Une ancienne chronique revient en même temps que la nouvelle saison de basketball universitaire sur Midnight On Campus : la “MoC Film Room”. Le principe ? Mettre en lumière une performance d’un prospect ou d’une équipe en Mid-Majors. Troisième opus de la saison : la performance du shooteur sophomore de Niagara, Nick MacDonald, face au cador de la MAAC, Marist.

Les matchs de conférences ont débuté en basketball universitaire et c’est toujours un moment intéressant à suivre. Des matchs couperets chaque semaine, une tension (déjà) à son comble et certaines équipes se révèlent aux yeux du grand public (pendant que d’autres sombrent).

En Mid-Majors, la lutte est encore plus âpre. Et, comme bien souvent, certaines équipes et joueurs produisent des scénarios et des performances XXL.

Pour cette nouvelle “MoC Film Room”, on prend la direction de la conférence MAAC. Plus précisément à Niagara.
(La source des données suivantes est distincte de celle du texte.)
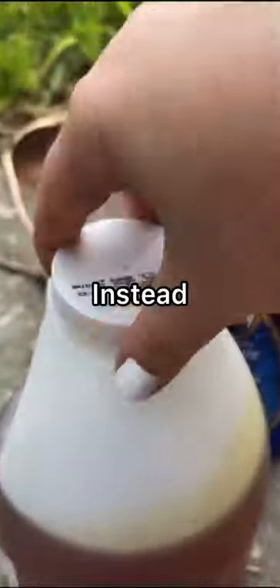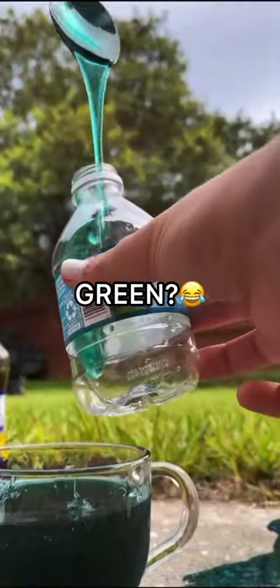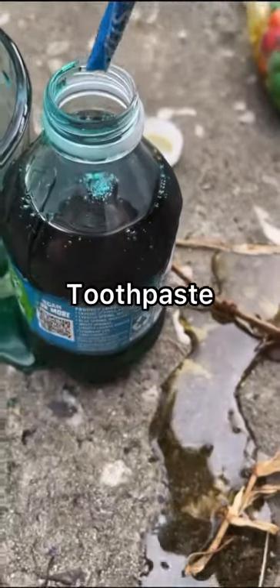So instead of throwing this stuff out, trying to reuse it by adding some syrup to give it a little more structure and mixing it up. I was not expecting it to turn green, and somebody tell me why it looks like toothpaste. Anyway, I put a pixie stick in there with some flavor.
Non pas pour voir les chutes mais Nick MacDonald, un shooteur sophomore qui a éclaboussé de son talent le match de son équipe face au boss de la conférence, Marist.

Qui es-tu, Nick MacDonald ?

Nick MacDonald vient d’une famille qui respire et vit basketball. Tous ses proches occupent une place dans le sport.

On ne doit pas s’ennuyer lors des repas de famille !

Nick MacDonald sort d’un cursus de 3 saisons dans son lycée de Canisius High School avant de faire une saison en Prep School, à St. Thomas More. Son apport au niveau des statistiques a été quasiment le même pendant son cursus, où il affichait une moyenne de 13 points, 3 rebonds et 2 passes en Prep School. Certes, ce n’est pas extraordinaire.

Mais il existe une particularité au prospect : c’est qu’il est un véritable sniper à longue distance.

Vous savez, ce genre de joueur très adroit à 3-points mais qui connait plus de mal lorsqu’il s’agit de faire autre chose sur un parquet (je caricature un peu). Nick MacDonald tournait à plus de 40% dans ce domaine avant l’université, ce qui est un très bon pourcentage. Cependant, il n’a pas attiré l’oeil des conférences du Power Six et Niagara obtient la signature du prospect.

Sa saison de freshman est, comme prévisible, un peu frustrante d’un point de vue individuel. Il n’a pas un temps de jeu incroyable, et, c’est souvent le cas avec ces joueurs. 2 titularisations au compteur pour une moyenne de 4.5 points en moins de 14 minutes. Il a quand même montré de belles choses sur certaines rencontres : 18 points contre Rider ou encore 11 unités contre Syracuse et Manhattan.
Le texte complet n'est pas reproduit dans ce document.